Dans cette logique, les stratagèmes de la campagne se confondent avec le discours qu’elle véhicule, et filmer une réunion de travail revient à imprimer un tract. Cela implique deux choses. D’abord, d’exclure du film toute scène à caractère domestique – Mélenchon n’y sort jamais de son rôle de tribun bonhomme dont les mimiques synthétisent le programme. Ensuite, d’épouser la méthode qu’il documente sans jamais s’en distancier, et de mouler la forme sur sa pédagogie ; l’œuvre est le bras filmé du discours et, comme lui, veut s’adresser à l’intelligence du cœur pour faire naître des élans réfléchis. En cela, L’Insoumis est un splendide film de propagande, dans le sens le moins péjoratif qui soit ; un film excellemment construit (voir son ouverture sur le « futur antérieur »), tout entier dévoué à l’économie des discours et cherchant avant tout à relayer un souffle (il s’achève sur un passage de flambeau). Laurent Cibien ou Yves Jeuland, qui a chroniqué quelques mois du hollandisme dans À l’Élysée, un temps de président, calaient leurs films sur la monotonie d’une gouvernance mise en pilote automatique ; eux cherchaient à prosaïser le pouvoir, Perret veut retrouver la ferveur militante et la force épique des prosopopées du peuple.
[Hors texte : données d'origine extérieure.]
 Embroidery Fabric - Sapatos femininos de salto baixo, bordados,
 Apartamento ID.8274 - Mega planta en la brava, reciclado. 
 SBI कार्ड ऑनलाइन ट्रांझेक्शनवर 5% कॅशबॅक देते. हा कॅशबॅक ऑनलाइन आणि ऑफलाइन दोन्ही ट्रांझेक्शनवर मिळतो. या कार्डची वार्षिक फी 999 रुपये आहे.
Le mélenchonisme s’y prête bien, lui qui prône une politique de l’effusion raisonnée, d’une croyance critique dans laquelle se mêlent identification au corps du tribun et adhésion stratégique au nom de l’adage énoncé au début du film, « la force va à la force ». Seul un tel mouvement combinait rigueur idéologique et charmes de l’incarnation. Le macronisme, lui, repose sur une érotique impériale greffée à l’ancien culte du dauphin royal, impropre à identifier la geste du prince et la chorégraphie d’une multitude qu’il désire muselée. De l’un à l’autre, il y a tout l’écart du tribun au maître. Ce dernier entretient pour seul affect une identification servile à une figure se donnant comme inatteignable. Macron, c’est la sublimation (le pays rajeuni et nacré) et le surmoi (la « grammaire des affaires » comme instance de la loi). Lui aussi mise sur un dosage bien pensé de la libido et de la raison, mais en leur donnant le visage de la castration (le président dispose seul du phallus et impose à tous l’austérité). Il confisque donc l’épique que Perret veut rendre au peuple par l’intermédiaire de son tribun.
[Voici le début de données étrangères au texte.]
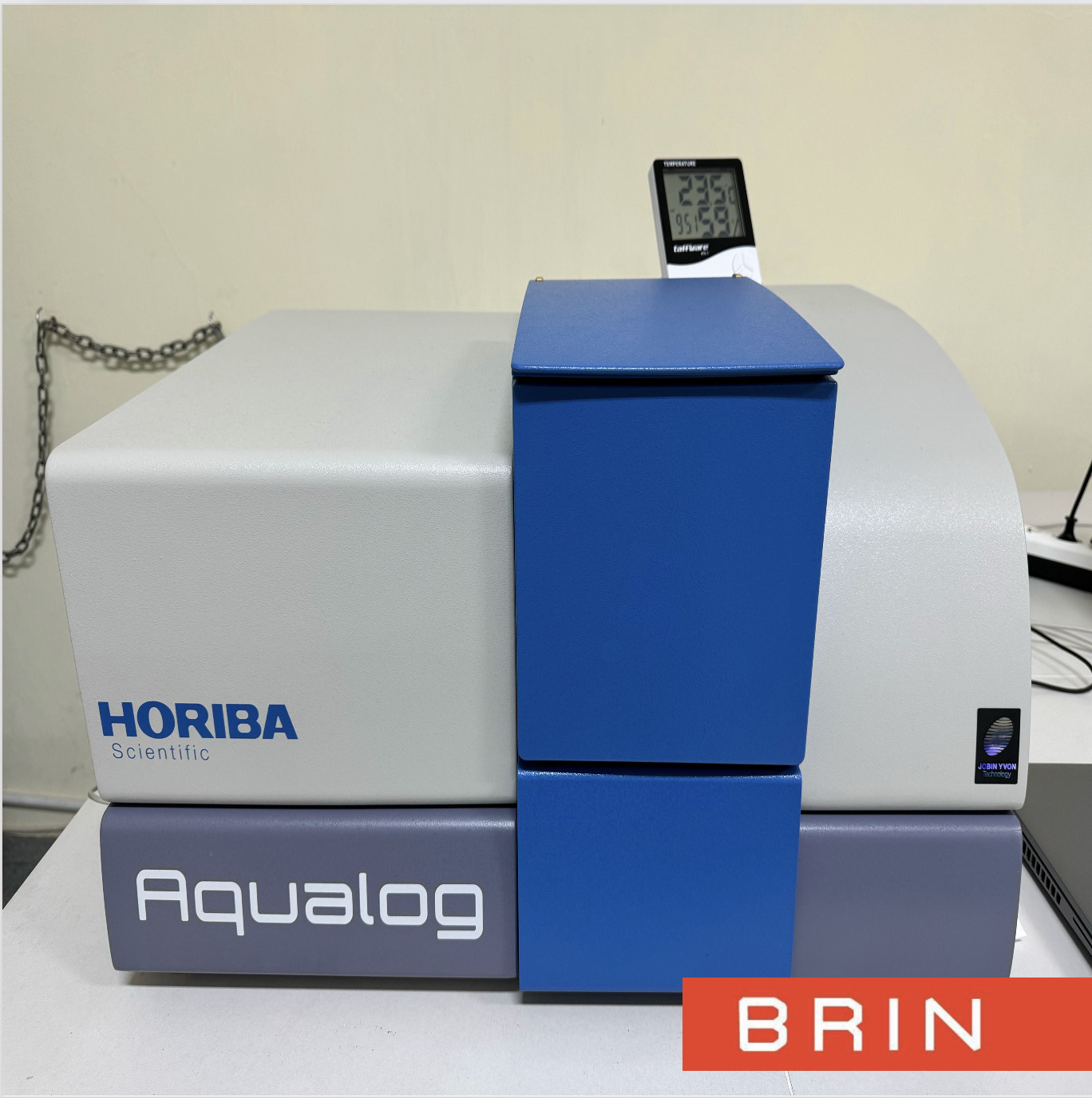 DUAL UV-VIS ABSORPTION AND PL SPECTROMETER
Celui-ci propose un autre partage du rationnel et de l’affectif. C’est une des obsessions de L’Insoumis : redistribuer la rationalité, dénoncer l’hystérie médiatique (le passage à « C à vous ») et faire valoir la réflexion derrière ce qui passe pour de la rage. Si Macron suppose l’idéalisation, Mélenchon, d’après Perret, permet la reconnaissance bien pensée. Il oppose donc l’affect rationnel aux pulsions que le libéralisme déguise en lois. Tout le projet de L’Insoumis consiste à rabattre le bon sens du côté de la gauche, pour contester au centre le monopole de la mesure et défendre l’intelligence collective des foules enthousiastes. À terme, il s’agit moins de « dédiaboliser » – stratégie lepeniste, qui conjure un Satan fasciste – que de « dé-méphistophéliser », de contrer l’image faisant de Mélenchon le séducteur de ceux que la colère égare (voir la saison 2 de Baron noir, qui le dépeint sous les traits d’un Méphisto stalinien apportant à la gauche la pomme de discorde). Un livre en avait par avance prescrit la méthode : La raison populiste d’Ernesto Laclau, dont les travaux et ceux de sa veuve Chantal Mouffe ont servi de logiciel stratégique à la France Insoumise. Leur théorie de l’investissement affectif dans la figure d’un tribun élevé au rang de « signifiant vide » a offert aux postures de Mélenchon l’adoubement du concept. Elle semble avoir pareillement guidé la mise en scène de Perret, qui développe une esthétique populiste dans laquelle le spectacle des masses a été effacé par celui du chef qui les réverbère.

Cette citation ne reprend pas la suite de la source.